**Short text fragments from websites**

Segment Open

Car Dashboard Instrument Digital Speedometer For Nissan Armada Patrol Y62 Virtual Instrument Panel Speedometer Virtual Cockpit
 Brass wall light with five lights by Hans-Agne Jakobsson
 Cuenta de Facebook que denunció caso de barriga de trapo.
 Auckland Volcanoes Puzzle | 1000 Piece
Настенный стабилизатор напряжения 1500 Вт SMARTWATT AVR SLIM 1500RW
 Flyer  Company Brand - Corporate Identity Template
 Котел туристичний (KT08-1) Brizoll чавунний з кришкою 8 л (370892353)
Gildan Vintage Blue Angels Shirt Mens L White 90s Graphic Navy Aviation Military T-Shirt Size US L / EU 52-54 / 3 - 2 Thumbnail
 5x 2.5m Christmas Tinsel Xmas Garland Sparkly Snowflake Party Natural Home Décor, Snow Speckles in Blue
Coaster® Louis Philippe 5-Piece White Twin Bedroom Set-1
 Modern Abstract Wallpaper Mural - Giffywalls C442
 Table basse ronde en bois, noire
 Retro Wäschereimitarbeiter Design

Segment Closed

**Work required**
Within the data above, count the lines that contain the string "White"; the reply is the number alone.

**The completed task**
2